Auch im Hinblick auf das Jahr-2000-Problem existiert keine Spezialregelung, so daß auf die erwähnten allgemeinen Regelungen zurückgegriffen werden muß. Als Ausgangspunkt für die Konkretisierung der Pflichtenstellung von Geschäftsleitern kann dabei der Satz dienen, daß die Unternehmensführung beziehungsweise deren Mitglieder alles Zumutbare zu unternehmen haben, um Schaden von der Gesellschaft abzuwenden. Allerdings haben sich in der juristischen Diskussion auch einige Eckpunkte herauskristallisiert, die von der Unternehmensführung berücksichtigt werden müssen. So kommt es für die Ermittlung der konkreten Pflichtenstellung immer auf die Umstände des Einzelfalls an. Beispielsweise ist auch die besondere Gefährdungslage von Unternehmen der IT-Branche zu berücksichtigen.

Pflichten von Geschäftsführern und Vorständen

GmbH-Geschäftsführer und Vorstände einer AG sind ganz allgemein verpflichtet, das Jahr-2000-Problem betreffende Informationen umfassend zu sammeln und aufzubereiten, um auf diesem Wege die Grundlage für die zu treffenden Entscheidungen zu schaffen. Aufgrund der Neuregelung in ñ 91 Abs. 2 AktG ist der Vorstand der AG sogar ausdrücklich verpflichtet, "geeignete Maßnahmen zu treffen, insbesondere ein Überwachungssystem einzurichten, damit den Fortbestand der Gesellschaft gefährdende Entwicklungen früh erkannt werden". Nachdem das Jahr-2000-Problem je nach Unternehmensgegenstand und -organisation eine solche "den Fortbestand der Gesellschaft gefährdende Entwicklung" darstellen kann, stehen Vorstände und GmbH-Geschäftsführer also unmittelbar in der Pflicht. Hieran anknüpfend sind Geschäftsführer und Vorstände zur Organisation und Durchführung von Maßnahmen verpflichtet, mit denen die eventuellen Gefahren für den ordnungsgemäßen Geschäftsablauf beseitigt werden können. Soweit dies unmöglich erscheint, sind die Maßnahmen so zu treffen, daß zumindest das Schadenspotential begrenzt wird.

Aufgrund ihrer Bedeutung dürfen die Maßnahmen nicht beliebig delegiert werden.
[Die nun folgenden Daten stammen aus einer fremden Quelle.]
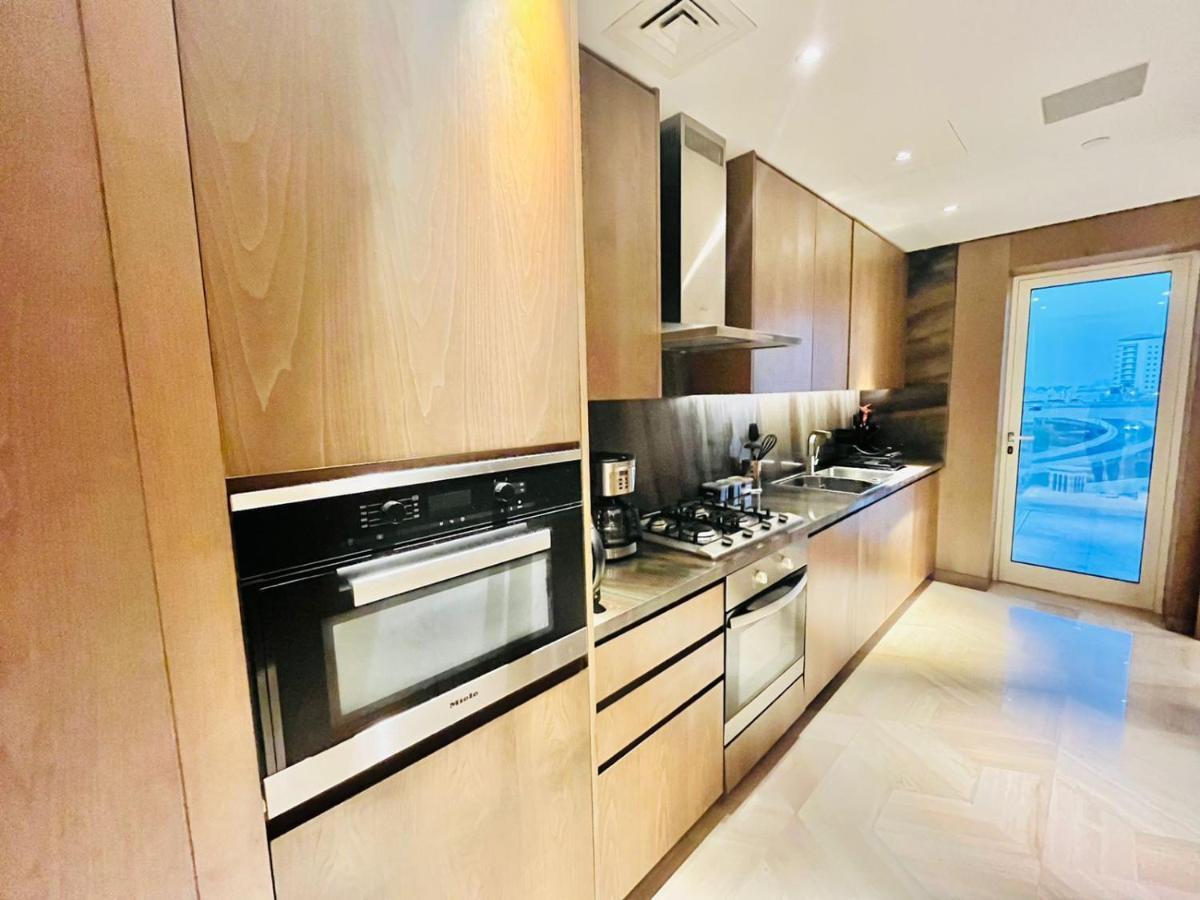 Five Palm Jumeirah - 2 Bedrooms & Maid Room In A Splendid Resort - Modernlux Dubai Esterno foto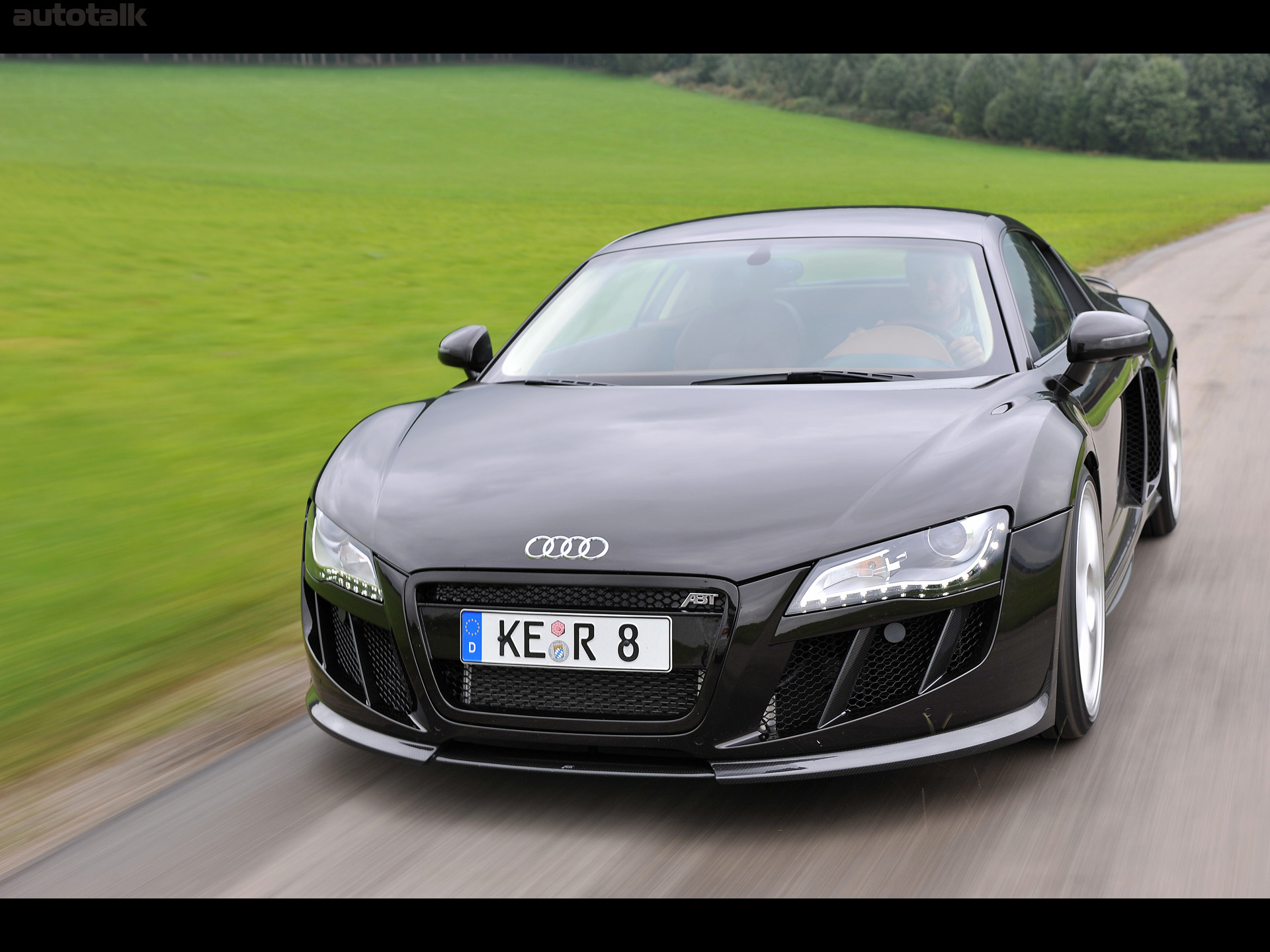 2010 Abt Audi R8 V10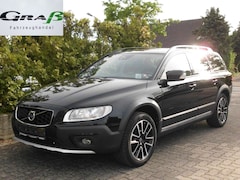 Bild des Angebotes Volvo XC70 D5 AWD Linje Svart  *EU6/ufrei/lückenl. SH*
Vielmehr muß der Vorstand beziehungsweise der Geschäftsführer die Angelegenheit laufend als "Chefsache" behandeln und sicherstellen, daß er über die besonders kritischen Problemkreise laufend und umfassend informiert ist.

Einrichtung eines Jahr-2000-Projekts

Im Zuge der Diskussion um die entsprechende Pflichtenstellung der Geschäftsleitung hat sich die Auffassung herausgebildet, daß der Vorstand beziehungsweise der Geschäftsführer seinen diesbezüglichen Pflichten insbesondere durch die Einrichtung eines unternehmensinternen "Jahr-2000-Projekts" nachkommen kann. Inhalt und Aufgabe dieses Projekts müssen die Ermittlung und Bewertung eventueller Risiken sowie die Erarbeitung eines tragfähigen Konzepts zur Bewältigung der Problematik, insbesondere also zur Beseitigung beziehungsweise Begrenzung der ermittelten Risiken sein. Auch hier hat der Vorstand beziehungsweise der Geschäftsführer darauf zu achten, jederzeit über die wichtigsten Risikopotentiale sowie die gesamte Arbeit der Projektgruppe auf dem laufenden zu sein. Anderenfalls muß er sich im Falle eines Fehlschlages unter Umständen ein sogenanntes Organisationsverschulden und damit den Vorwurf gefallen lassen, die Bewältigung der Jahr-2000-Problematik nicht mit hinreichendem Nachdruck verfolgt zu haben.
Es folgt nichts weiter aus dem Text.